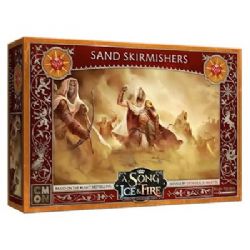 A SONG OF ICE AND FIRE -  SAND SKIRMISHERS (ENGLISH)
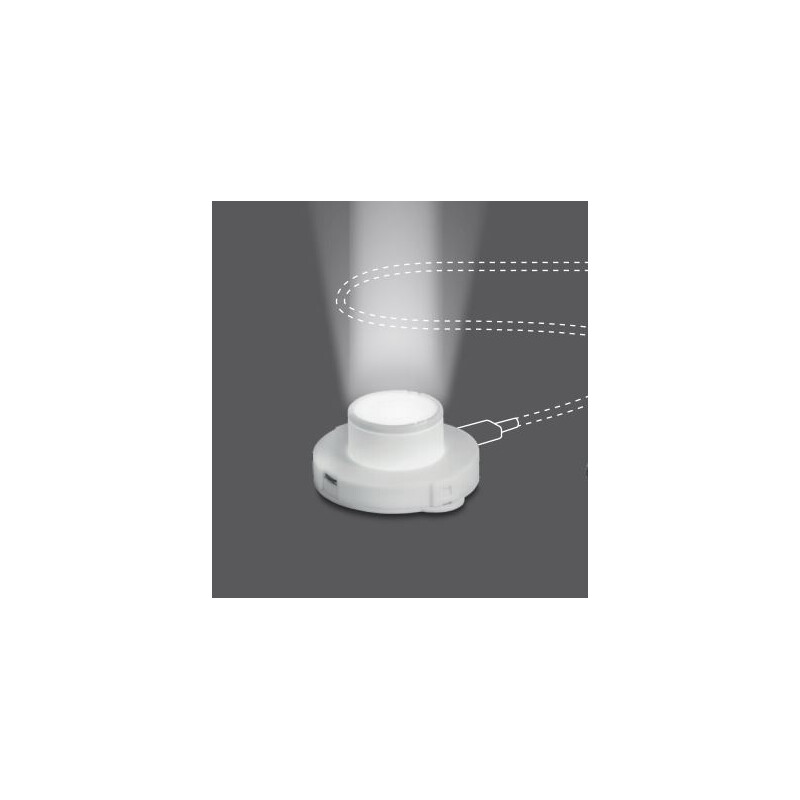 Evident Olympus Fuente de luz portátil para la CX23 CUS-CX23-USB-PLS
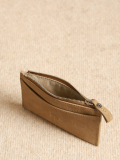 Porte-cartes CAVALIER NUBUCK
::::::::
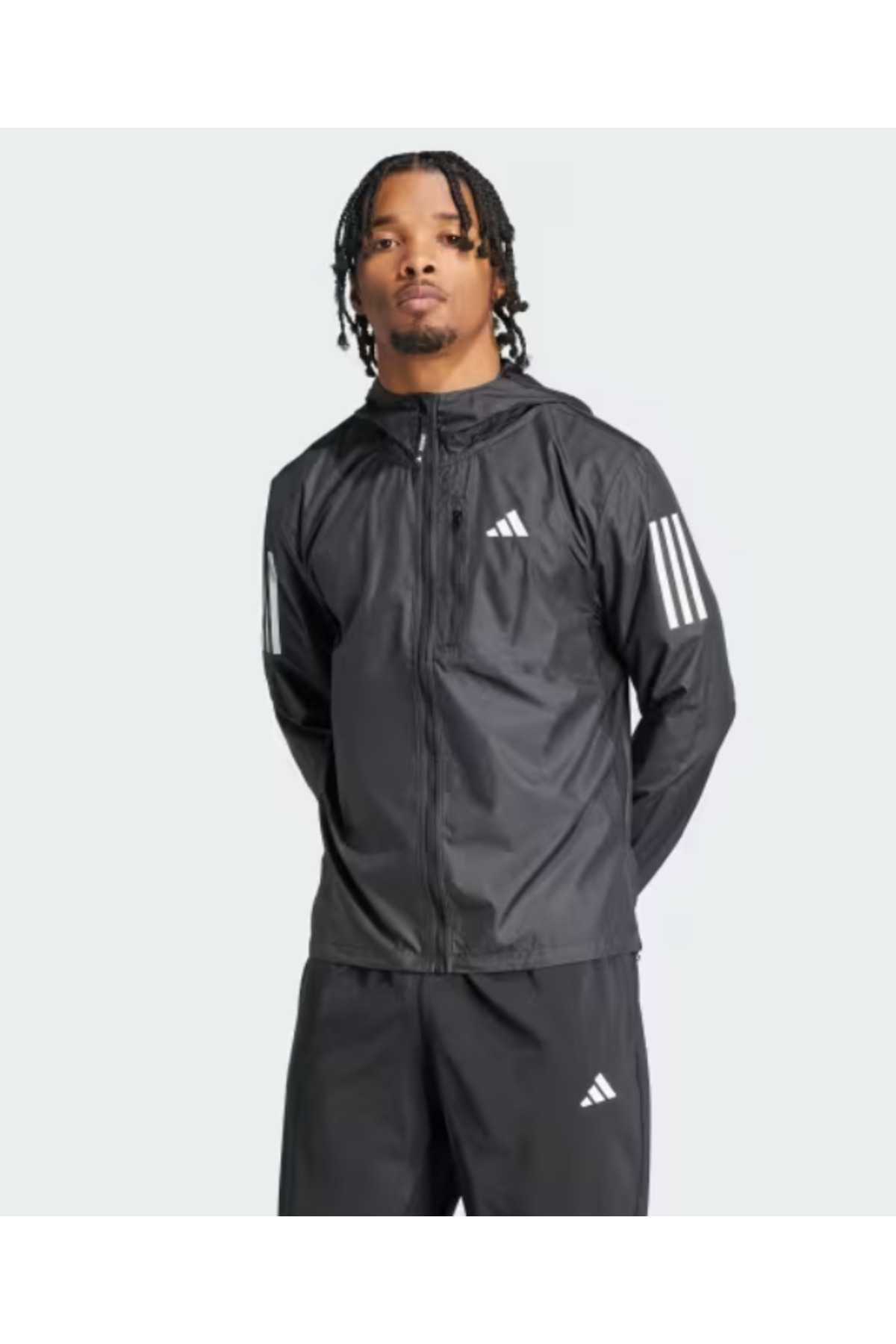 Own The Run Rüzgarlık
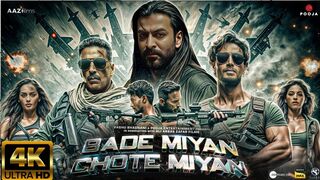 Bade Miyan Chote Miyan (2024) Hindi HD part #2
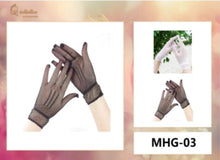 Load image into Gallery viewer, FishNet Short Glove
::::::::
TASK BRIEF. Print from the line containing "Bade Miyan Chote" through the line containing "Load image into" in the data above, exactly as the lines stand, and omit every picture.

OUTPUT OF THE TASK.
 Bade Miyan Chote Miyan (2024) Hindi HD part #2
 Load image into Gallery viewer, FishNet Short Glove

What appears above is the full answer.